Y así fue como nuestra protagonista pudo plantearse hacer el doctorado a principios de 1898. No sin costes, supongo; en su biografía sobre Pierre dice:
La cuestión de cómo cuidar de nuestra pequeña Irène y de la casa sin renunciar a la investigación científica se volvió acuciante. La posibilidad de desentenderme del trabajo habría sido una renuncia muy dolorosa para mí que mi marido ni siquiera contempló; solía decir que tenía una esposa a medida que compartía todas sus inquietudes. Ninguno de los dos estábamos dispuestos a abandonar algo tan precioso como la investigación compartida. Como es de suponer, contratamos a una sirviente, pero yo me encargaba de todo lo relacionado con la niña. Mientras yo estaba en el laboratorio, Irène se quedaba a cargo de su abuelo […]. La estrecha unión de nuestra familia me permitió cumplir con mis obligaciones.

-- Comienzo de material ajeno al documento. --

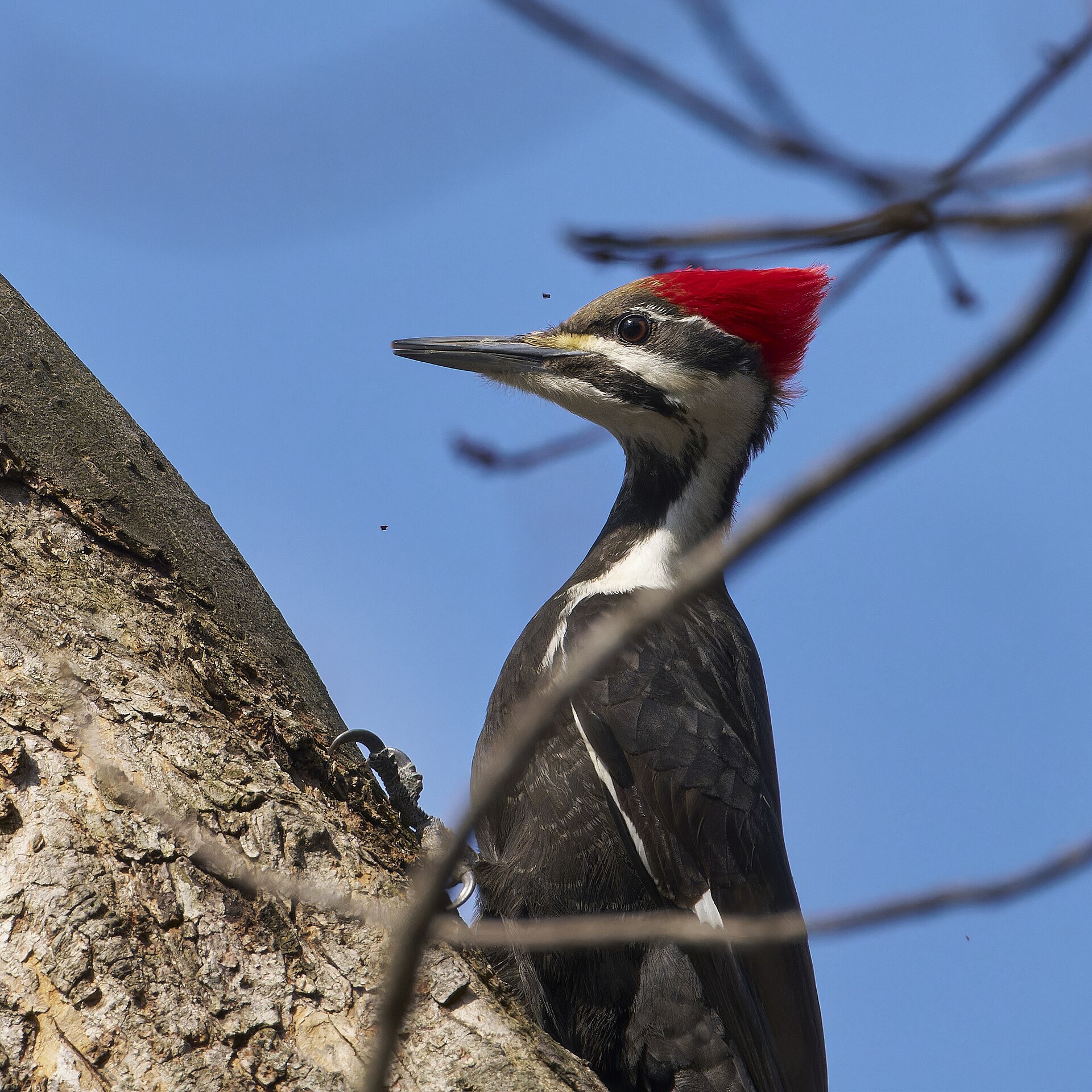 Pileated Woodpecker ()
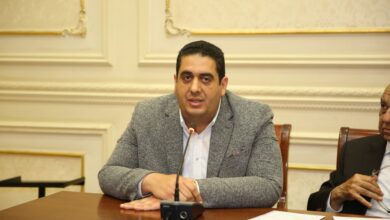 صورة النائب وليد التمامي : قرار الحكومة بتخفيض رأس مال إنشاء الشركات فرص استثمارية جديدة لصغار المستثمرين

Ah, sí: sus obligaciones. Siempre hay que #HacerLoQueSeDebe. Me resulta conmovedor que en este texto, escrito muchos años después y tras haber obtenido los dos premios Nobel, Marie tenga que justificar el hecho de no abandonar la ciencia para cuidar a su hija amparándose en la «investigación compartida». Como si el trabajo de Pierre, que la necesitaba, fuera la causa última de su dejación del deber de madre. Como si su trabajo por sí sólo nunca hubiera podido justificarlo. Y desde luego tuvo mucha suerte Marie al contar con un marido tan comprensivo. Un adelantado para su época. Pero eso no alteraba el hecho de que las cosas eran como eran y de que el deber de la mujer fuera un mandato no discutido. Durante estos años, Pierre publicó bastantes más artículos científicos que Marie. No puedo decir que me extrañe: Marie mientras tanto hacía mermeladas. Acercarse a la vida de Manya Skłodowska es como mirar una gota de agua por microscopio y descubrir un hirviente remolino de bichejos; quiero decir que, si te fijas bien en su biografía, adviertes las infinitas dificultades que Marie tuvo que superar y te quedas pasmada. ¿Cómo pudo sobrevivir, cómo salió adelante? ¡Y pensar que su padre hablaba de «su trastorno»! Pues vaya una trastornada. Qué poderío.